Availability of and legal considerations associated with each of these sources of internal data vary from one jurisdiction to another, particularly with respect to payroll and personnel information. Privacy issues must be considered before embarking on any use of such data in an investigation.

22.8 Analysis of non-financial records

Increasingly, non-financial data is being analysed as a standard element of an investigation. Non-financial data can be classified into two broad categories: structured and unstructured.

Structured data is the type of data that generally conforms to a database format. It is often numeric (e.g., units in inventory, hours worked by an employee, calendar dates), but can involve alpha data as well (e.g., codes associated with types of customer or employee, certain elements of an address).

Structured non-financial data is found in many systems, including those that include financial data mentioned above.

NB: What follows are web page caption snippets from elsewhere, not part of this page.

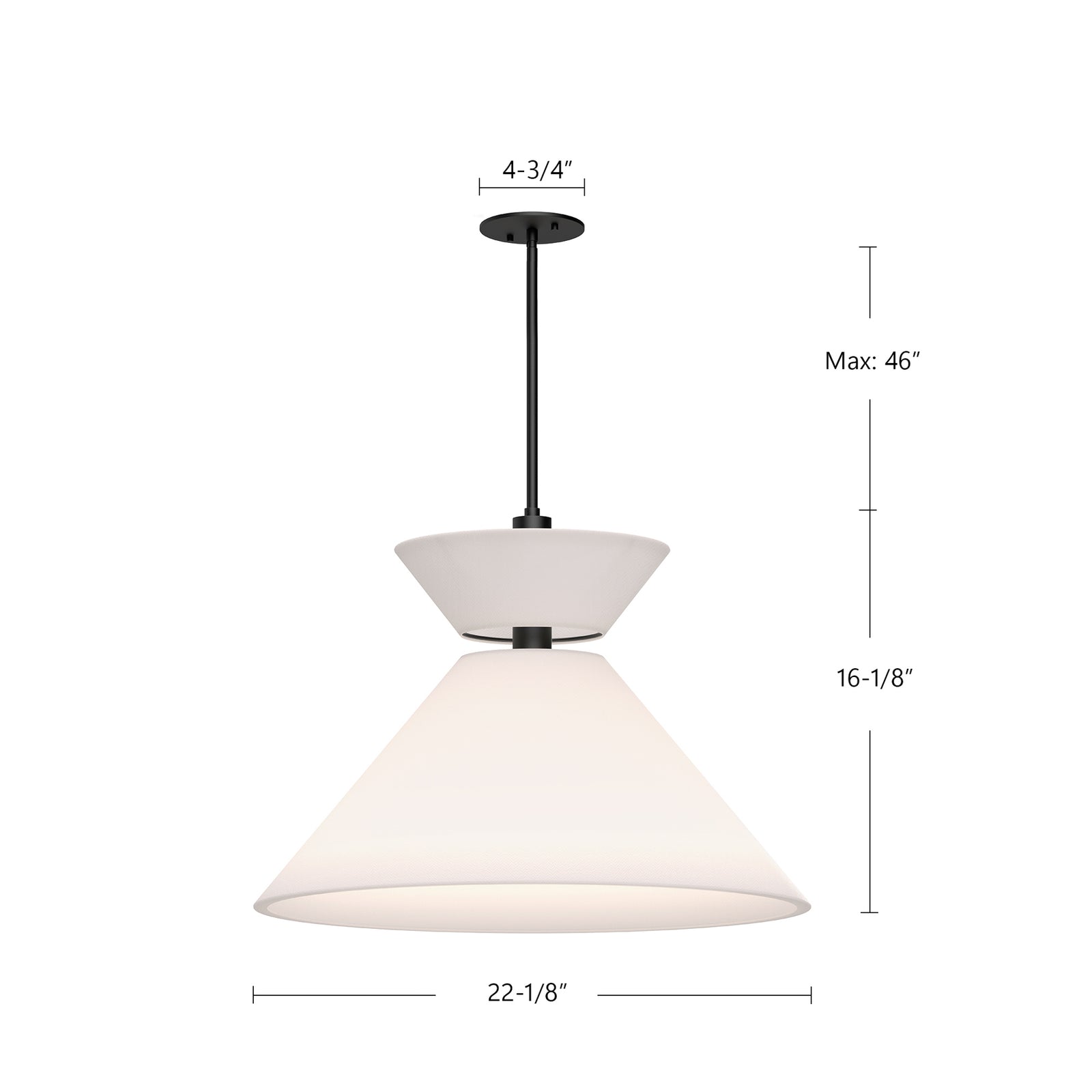 Chapelle 22-in Matte Black/White Linen 1 Light Pendant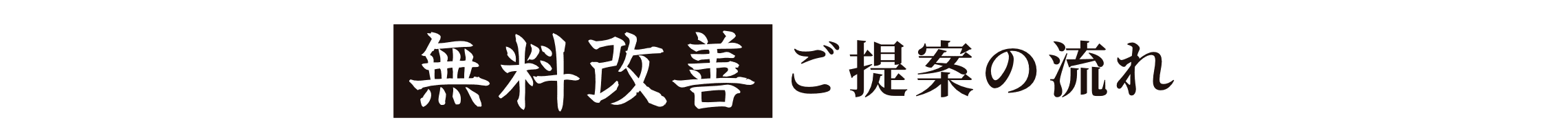 無料改善ご提案の流れ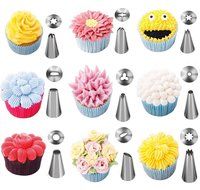 33-Piece Cake Decorating Kit Tips Stainless Steel Icing Tip Set Tools with 2 Silicone Pastry Bags 5 Reusable Couplers... N5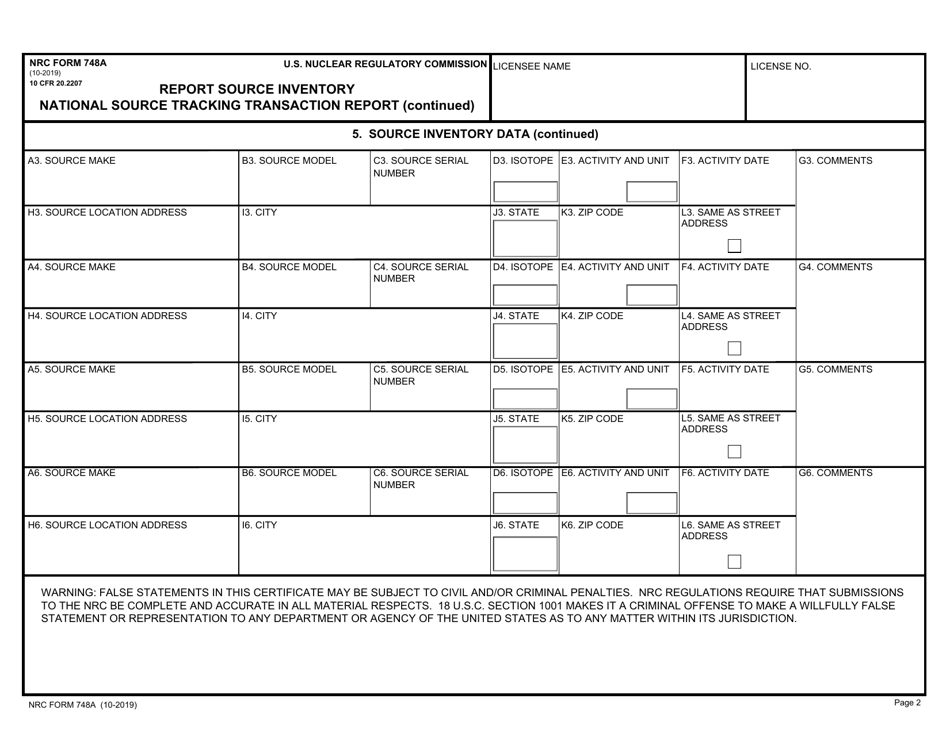 NRC Form 748A National Source Tracking Transaction Report - Report Source Inventory, Page 2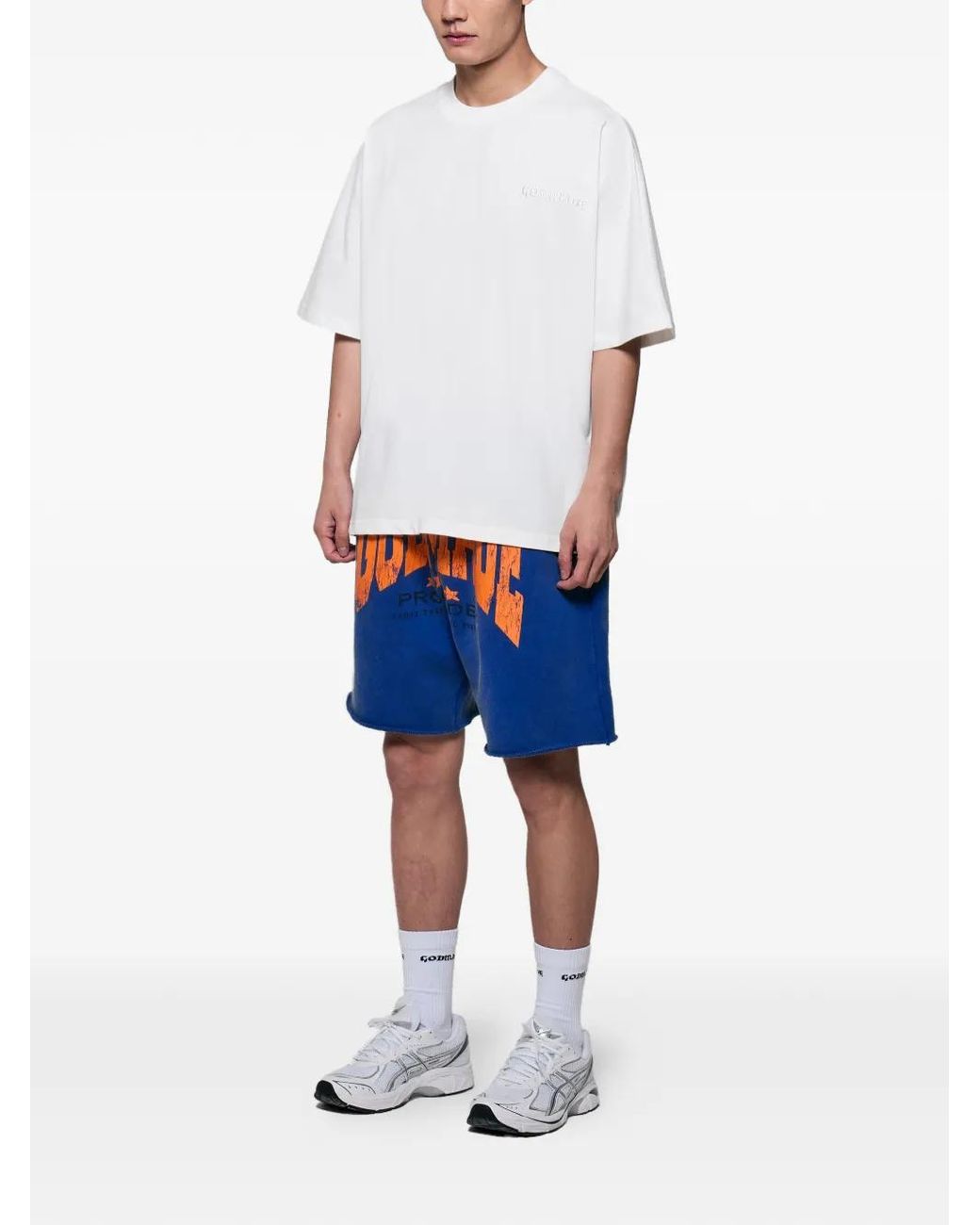 GODMADE Blue Provider Graphic-Print Shorts for men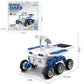 Boxed DIY solar Mars exploration car kit with assembled model, rugged tires and 4-wheel drive.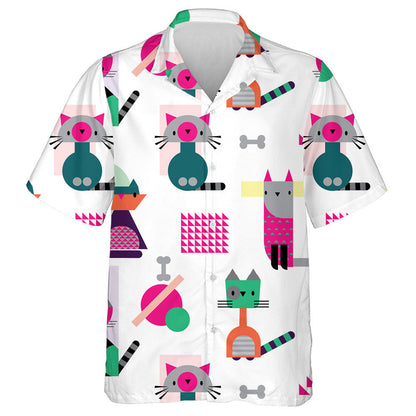 Cartoon Style Abstract Cat Geometric Animal Shape Hawaiian Shirt, Hawaiian Shirt Gift, Christmas Gift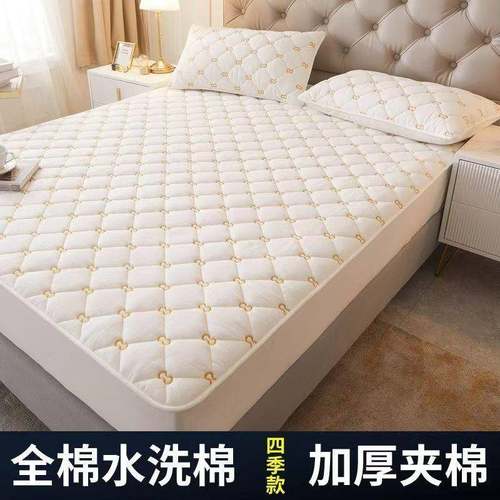 新款A类全棉色织水洗棉夹棉床笠纯色刺绣单双人床垫席梦思保护罩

Other systems, however, are entirely non-financial, but provide data that can be important to an investigation. Examples of non-financial systems commonly used for investigative purposes include:

Security: many organisations now use tools that leave an electronic trail of the exact times and dates when specific employees entered or left the building. Records of visits by vendors and other visitors may be included in this system or may be kept separately. Security information can be very useful in establishing timelines or the whereabouts of specific individuals.

  • Network data: much like accessing a building, networks maintain electronic records each time an authorised user logs on or off the system, and may retain a record of various aspects of the user’s network activity, such as which folders were accessed, which data was downloaded, which systems were used, etc.
  • Customer service: as the earlier example illustrates, data collected in the customer service system can have numerous applications in an investigative setting. Customer complaints about items missing from their orders may indicate theft in the warehouse.

Unstructured data refers to data that does not readily conform to a database or spreadsheet format. Text associated with messages in emails, explanations for journal entries and other communications are the most common. Unstructured data also includes photographic images, video and audio files.

Emails and text messages of interest to an investigator may involve messages within the organisation, between employees and communications between organisation employees and vendors, customers or other third parties.

Similar to other electronic data, when a user ‘deletes’ this information, a backup or archive version is often left behind and is available to an investigator. Understanding an organisation’s backup, archiving and storage practices is crucial to this part of an investigation.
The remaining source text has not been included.